Par RFI Publié le 14-03-2017 

Au Maroc, le procès des 25 Sahraouis accusés du meurtre de 10 membres des forces de l'ordre marocaines en 2010 a repris le lundi 13 mars. Le procès des événements de Gdim Izik, doit faire la lumière sur les circonstances des affrontements sanglants qui avaient éclaté à l'issue du démantèlement par l'armée marocaine d'un camp de protestation aux abords de la ville de Laâyoune au Sahara occidental. L'armée affirme avoir été attaquée par des éléments armés alors qu'ils menaient une opération d'évacuation pacifique. Plus de 20 personnes avaient été jugées coupables de meurtre avec préméditation en première instance par un tribunal militaire. Ils sont à présent rejugés au civil après la suppression des tribunaux d'exception au Maroc.

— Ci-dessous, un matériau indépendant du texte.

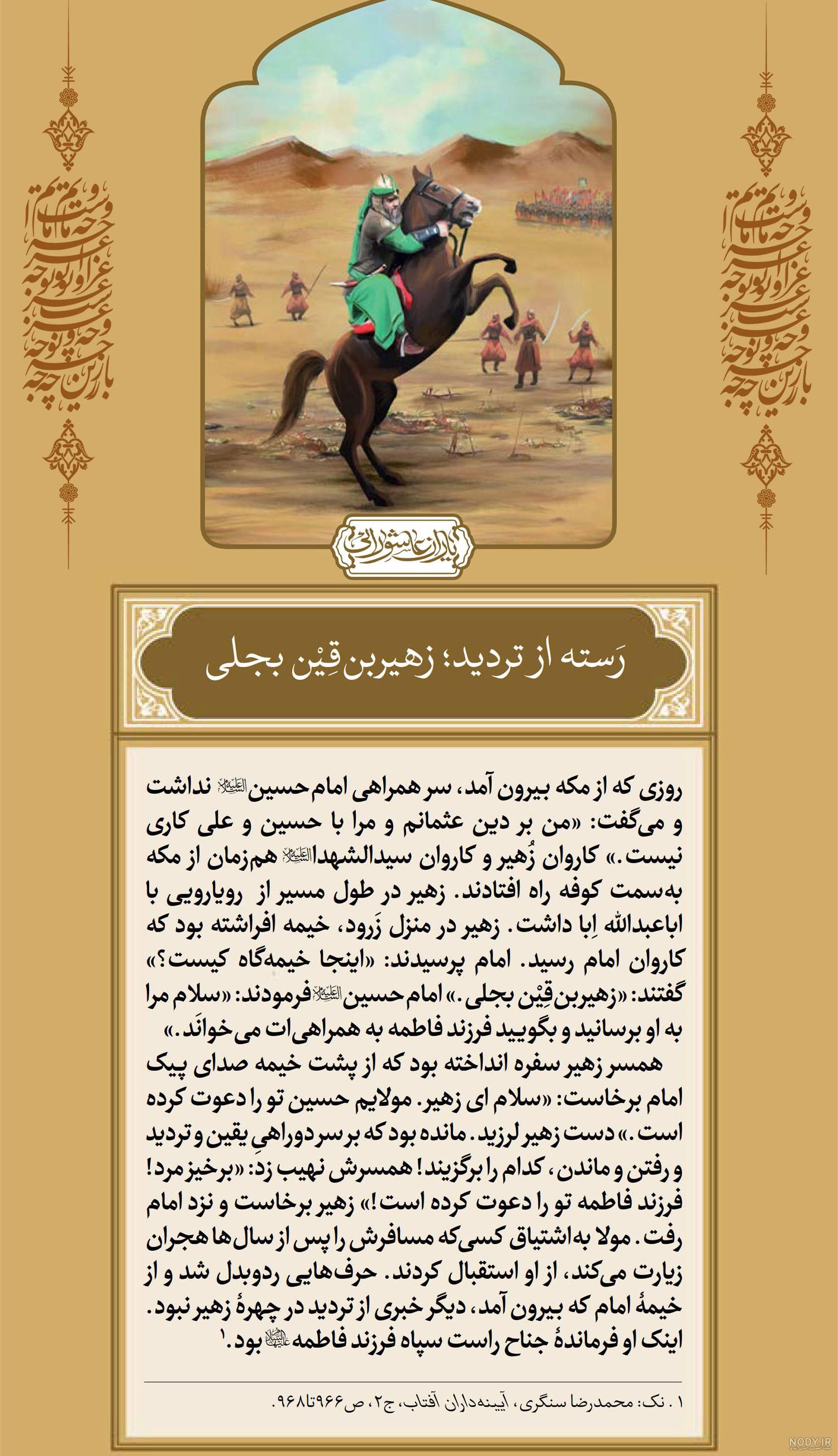 آواتار / حضرت زهیر بن‏ قین‏(ره) | ضیاءالصالحین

Ce procès hors norme, très suivi par les observateurs internationaux, se veut être un modèle de transparence de la justice marocaine sur un sujet qui cristallise les tensions de chaque camp.

« Je suis là pour garantir un procès juste, ne soyez influencés par personne », a affirmé le président de la Cour d’appel de Salé, auprès de l’un des coaccusés, invité à donner sa version des événements. L’homme est accusé d’avoir roulé en 4x4 sur un militaire non armé. Il admet tous les faits qui lui étaient reprochés, mais pour la défense, ces recueils de témoignages se basent sur des procès-verbaux de police réalisés dans des conditions douteuses.
« S’il y a des suspicions de torture qui se sont confirmées par expertise médicale, a priori les PV seraient nuls », estime maître Olfa Ouled, avocate des accusés. Un peu plus tôt, les pièces à conviction étaient présentées : matraques, sabres qui auraient servi aux meurtres des membres des forces de l’ordre marocaines. S’en est suivi la diffusion d’une vidéo présentant la version des faits des autorités. Elle y montre des corps de militaires gisant en plein désert.